=== What you are asked to do ===
Write out each record below exactly as it appears, with no pictures.

■ ■ ■ ■ ■

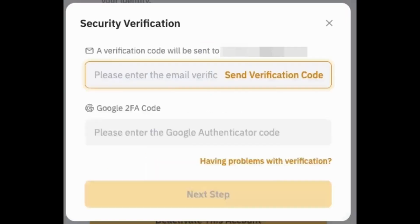After submitting, you'll be able to enter the PIN that will be sent to your designated email address, or you can use a two-factor Google Authentication code. Once you do this, tap on the next step and you'll be able to recover your account, whether it was banned or you simply forgot your password.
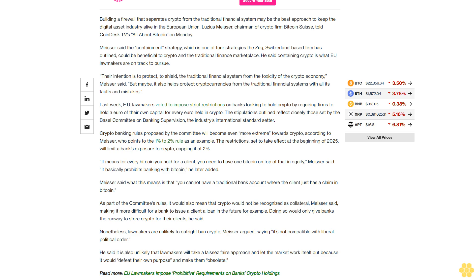Meiser said what this means is that you cannot have a traditional bank account where the client just has a claim in Bitcoin. As part of the committee's rules, it would also mean that crypto would not be recognized as collateral, Meiser said, making it more difficult for a bank to issue a client a loan in the future. Doing so would only give banks the runway to store crypto for their clients.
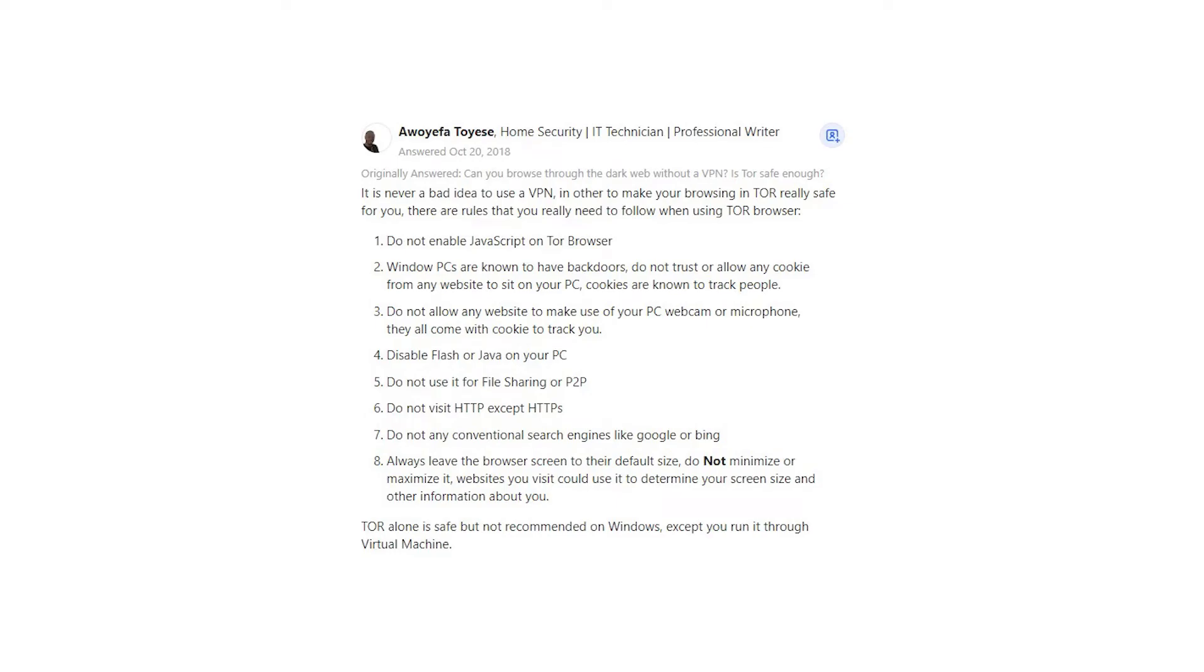Awoyefa Toyasa says, it is never a bad idea to use a VPN in order to make your browsing in Tor really safe for you. There are rules that you really need to follow when using Tor Browser.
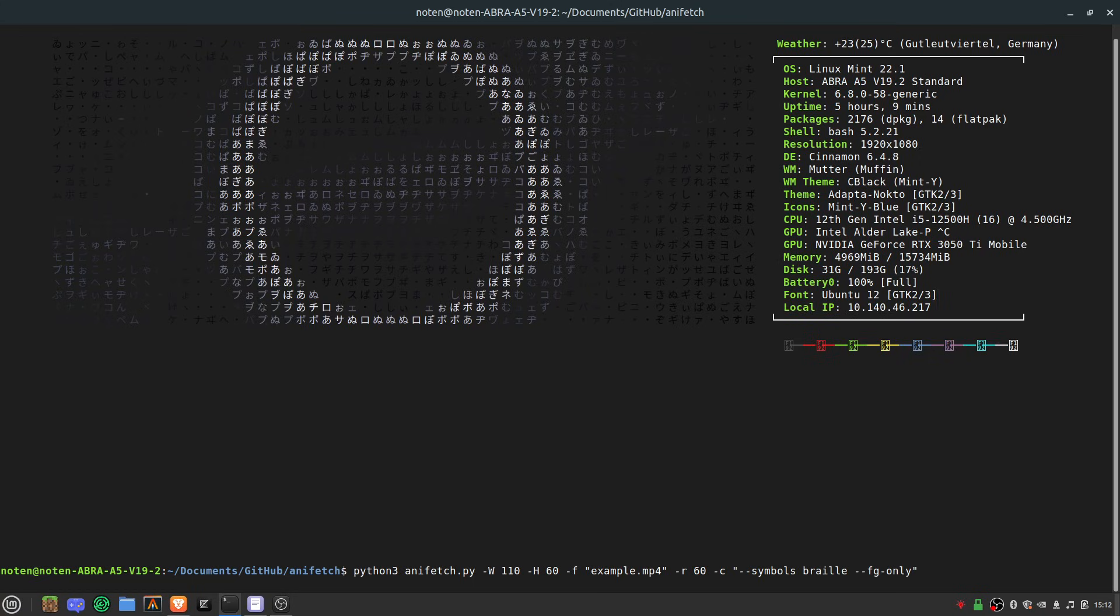It uses ffmpeg to separate the video into frames and just uses a small bash script to actually display the thing, but the main bulk of the code is in Python.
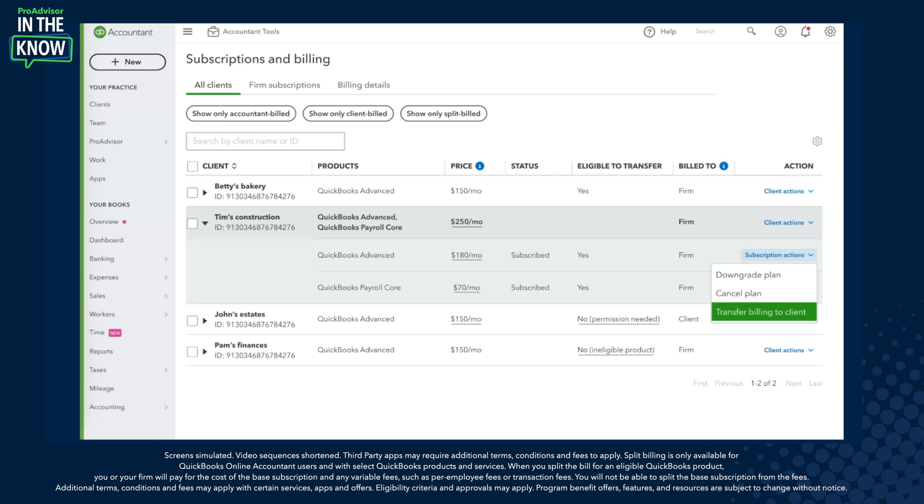Both of these flows showed you how you can split the bill for both new customers as well as existing clients. We're really excited to share this feature — it's something accountants have asked for for a long time, and we're hoping it will help simplify your monthly bill as you continue to work with us in QuickBooks Online Accountant. We'll turn now to ProAdvisors Terrell and Michael for them to weigh in.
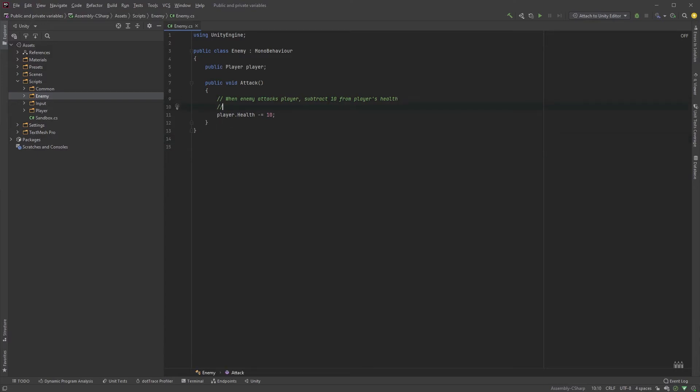We could of course have an if statement checking whether or not the player is wearing armor, and adjust the attack value accordingly. Now,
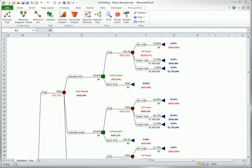Once you create a decision tree, you will probably want to focus on the optimal strategy. You might also want to see how much better the optimal strategy is than other strategies in terms of expected payoffs. Precision Tree's policy suggestion tool lets you do this very easily.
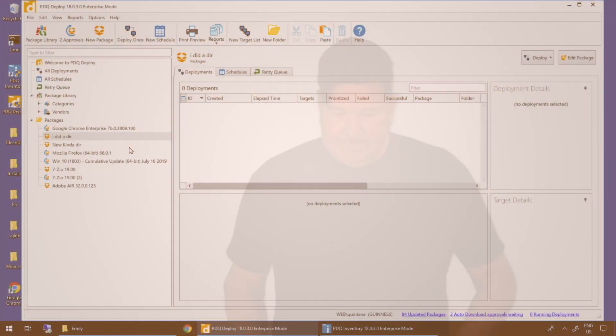Hey party people, it's Lex from PDQ.com. I'm going to take you through prioritizing your deployments in PDQ Deploy.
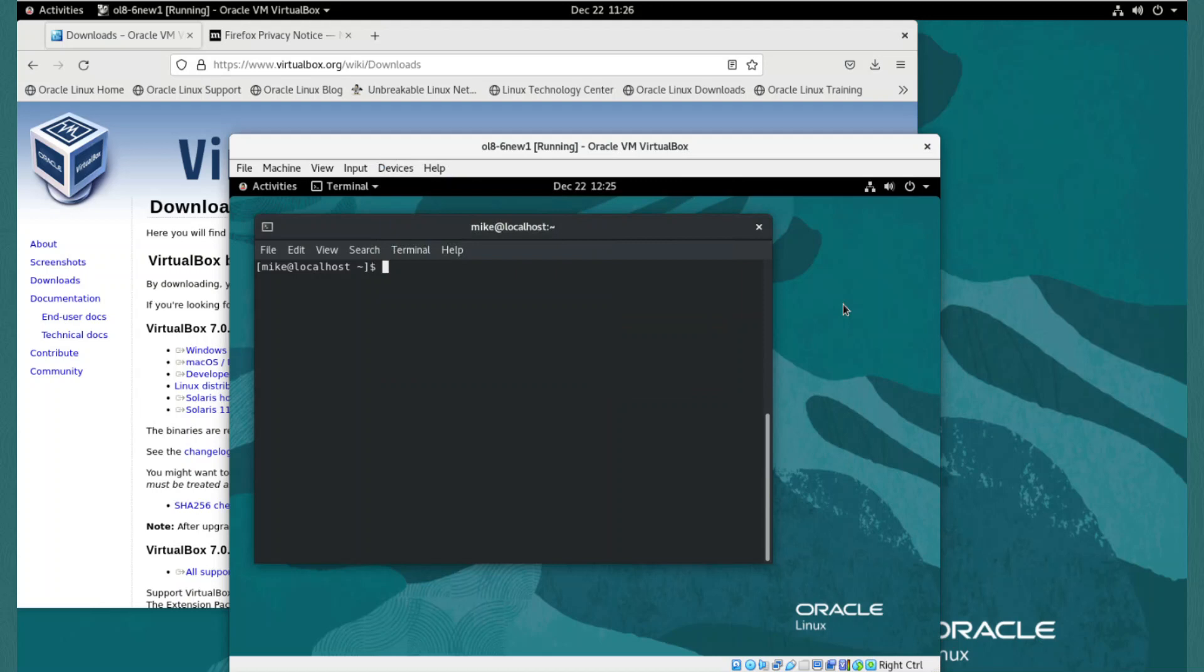And that's installing VirtualBox and its extension pack on an Oracle Linux Cloud instance, and using it to create a new guest virtual machine. That's the end of the video. Thanks for watching.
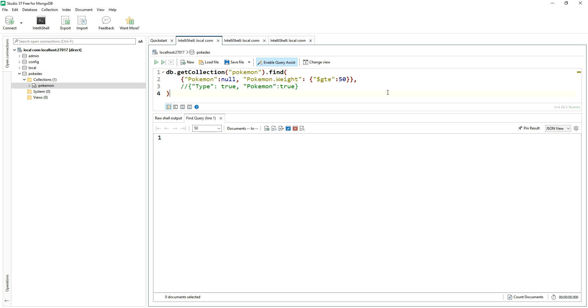Really, what we would want to do is implement OR logic here if we wanted to find where the Pokemon key is null, or the weight inside the Pokemon key is greater than equal to 50.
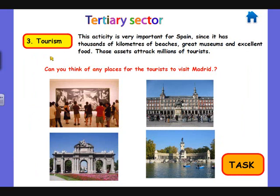The final T is tourism, one of the most important activities, since Spain has thousands of kilometers of beaches, great museums, and excellent food. Those assets attract millions of tourists every year. Can you think of any places for tourists to visit in Madrid, for example? These four images show museums, monuments, food, etc.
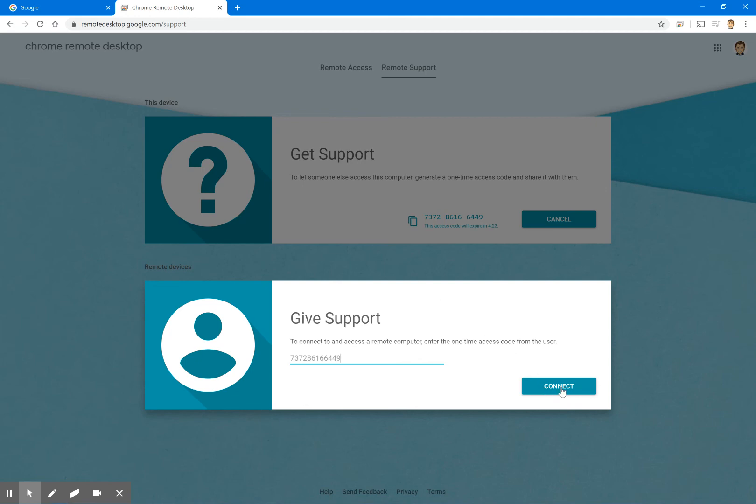And at that point, the individual then press connect. Once it establishes the connection, the individual will be able to help you with whatever they need help with.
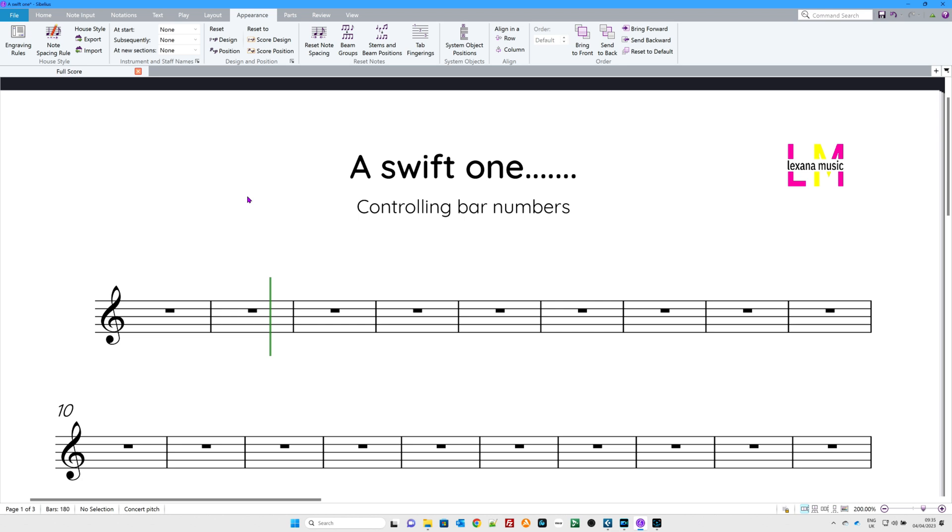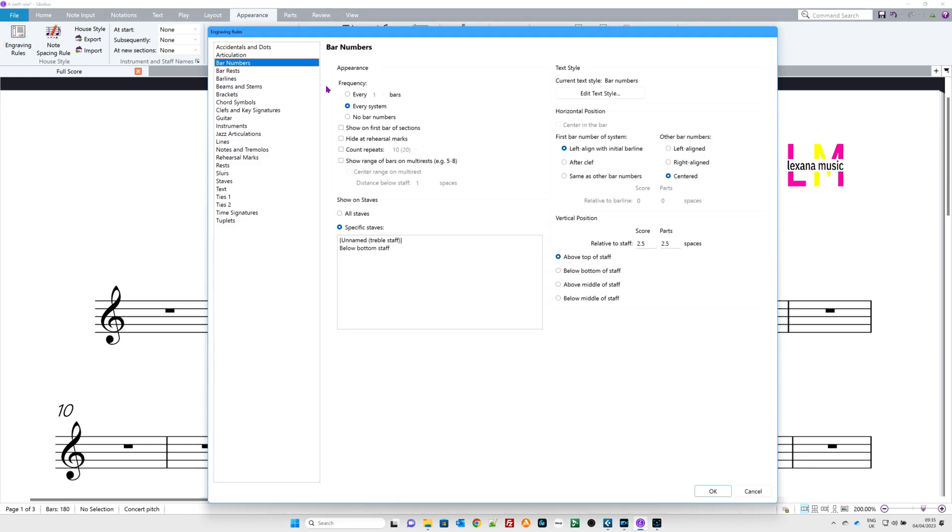Let's start off with going to Appearance at the top here. Let's go to Engraving Rules. Let's find bar numbers. There we go. At the moment, they're on every system. That's the default setting.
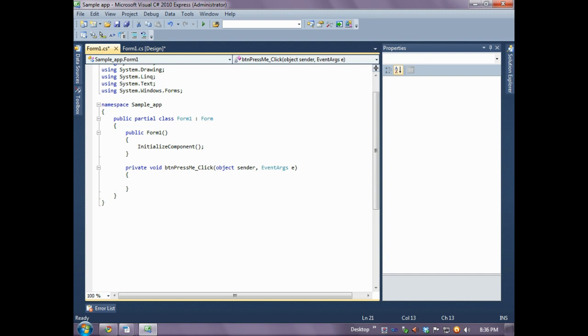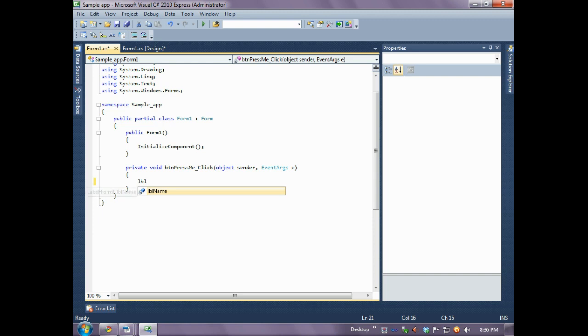So we'll want to refer to the control by the name that we supplied in the last video, its name property. So let's assign the text that is in the text box object to the text property of the label.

■ ■ ■ ■ ■

=== Exercise result ===
After submitting, you'll be able to enter the PIN that will be sent to your designated email address, or you can use a two-factor Google Authentication code. Once you do this, tap on the next step and you'll be able to recover your account, whether it was banned or you simply forgot your password.
Meiser said what this means is that you cannot have a traditional bank account where the client just has a claim in Bitcoin. As part of the committee's rules, it would also mean that crypto would not be recognized as collateral, Meiser said, making it more difficult for a bank to issue a client a loan in the future. Doing so would only give banks the runway to store crypto for their clients.
Awoyefa Toyasa says, it is never a bad idea to use a VPN in order to make your browsing in Tor really safe for you. There are rules that you really need to follow when using Tor Browser.
It uses ffmpeg to separate the video into frames and just uses a small bash script to actually display the thing, but the main bulk of the code is in Python.
Both of these flows showed you how you can split the bill for both new customers as well as existing clients. We're really excited to share this feature — it's something accountants have asked for for a long time, and we're hoping it will help simplify your monthly bill as you continue to work with us in QuickBooks Online Accountant. We'll turn now to ProAdvisors Terrell and Michael for them to weigh in.
We could of course have an if statement checking whether or not the player is wearing armor, and adjust the attack value accordingly. Now,
Once you create a decision tree, you will probably want to focus on the optimal strategy. You might also want to see how much better the optimal strategy is than other strategies in terms of expected payoffs. Precision Tree's policy suggestion tool lets you do this very easily.
Hey party people, it's Lex from PDQ.com. I'm going to take you through prioritizing your deployments in PDQ Deploy.
And that's installing VirtualBox and its extension pack on an Oracle Linux Cloud instance, and using it to create a new guest virtual machine. That's the end of the video. Thanks for watching.
Really, what we would want to do is implement OR logic here if we wanted to find where the Pokemon key is null, or the weight inside the Pokemon key is greater than equal to 50.
The final T is tourism, one of the most important activities, since Spain has thousands of kilometers of beaches, great museums, and excellent food. Those assets attract millions of tourists every year. Can you think of any places for tourists to visit in Madrid, for example? These four images show museums, monuments, food, etc.
And at that point, the individual then press connect. Once it establishes the connection, the individual will be able to help you with whatever they need help with.
Let's start off with going to Appearance at the top here. Let's go to Engraving Rules. Let's find bar numbers. There we go. At the moment, they're on every system. That's the default setting.
So we'll want to refer to the control by the name that we supplied in the last video, its name property. So let's assign the text that is in the text box object to the text property of the label.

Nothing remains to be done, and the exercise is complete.